Hakim the dream: Ziyech holds key to Ajax’s problems

This piece was written by Dutch football writer Lukas Schröder. You can follow him on Twitter @LukasSchroder

They may have left it late, but Ajax have signed one of the most talented and exciting young players in the Eredivisie – and he is exactly what they have needed.

In recent years, Ajax, under Frank de Boer and this season Peter Bosz, have been stale and lacking creativity. Despite a large selection of midfielders to choose from, there has been no inspiration in the middle of the park.

But three years since the sale of Christian Eriksen to Tottenham Hotspur, they have finally found a player in that mold capable of injecting a spark into the team.

Ajax are lucky, in a sense. The consensus is that Ziyech has no business remaining in the Eredivisie. So integral and impressive has he been for FC Twente that it was expected a team across one of Europe’s top leagues would snap him up even in January, never mind the summer transfer window.

Despite links to various clubs in England, Italy and Germany, it is Ajax who have seized the opportunity and the bargain by signing him for €11 million.

While it is a good move for the capital club, it has been quite frustrating that, having initially publicly passed up on him, they have turned to him so late.

After all, Ajax have already failed to qualify for the Champions League, losing a humiliating 5-2 on aggregate to FK Rostov.

But with PSV improving further and looking heavy favourites to lift another Eredivisie title this term, Ajax’s flat performances so far have made it clear that a player like Ziyech is an absolute necessity.

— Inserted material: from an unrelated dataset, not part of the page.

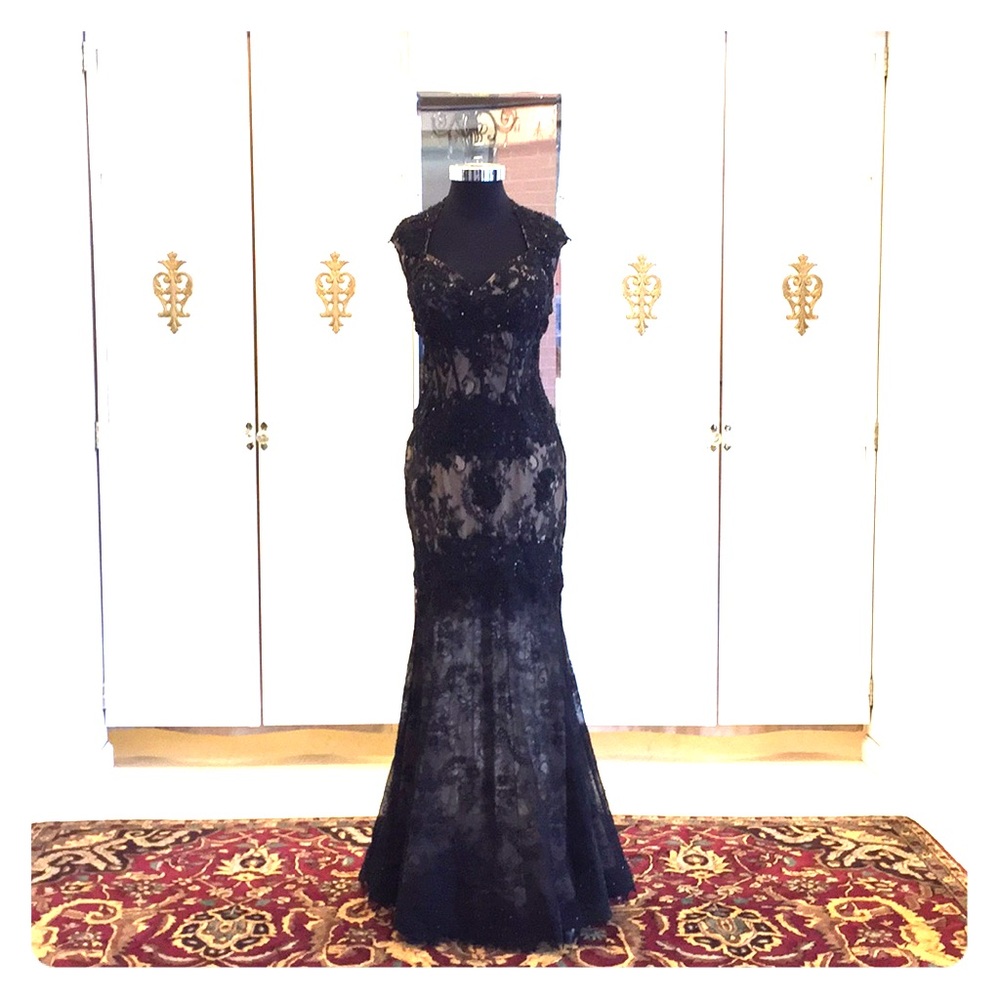 Montage by Mon Cheri Gown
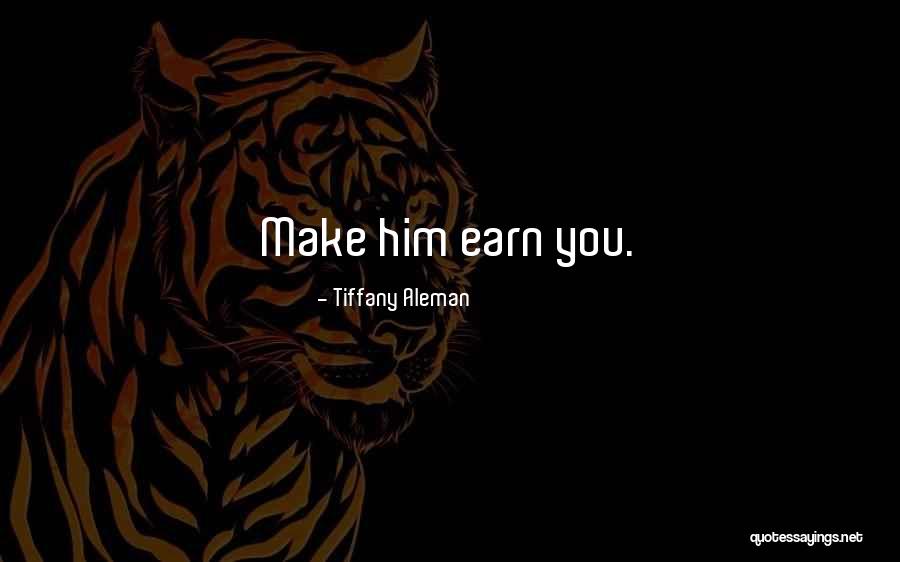 Poetware Quotes By Tiffany Aleman Poetware Quotes By Tiffany Aleman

You only need to look at Ajax’s first leg clash with Rostov to see how poorly assembled they were in midfield – their 4-1 capitaluation in the second-leg was so bizarre and calamitous that the midfield was basically non-existent, never mind disorganised.

Even in the Amsterdam ArenA, Bosz’s men failed to take the initiative and generate any sort of creative threat.

The most obvious problem was, again, the construction of the midfield three. Just as most of last season, Davy Klaassen was played in an attacking midfielder role, with Nemanja Gudelj and Riechedly Bazoer behind. The trio undoubtedly have enormous skill and potential, but together they prevent Ajax from imposing themselves enough on the ball. Part of the problem against Rostov originated in midfield, with defenders Jairo Riedewald and Davinson Sanchez having tremendous problems in the build-up.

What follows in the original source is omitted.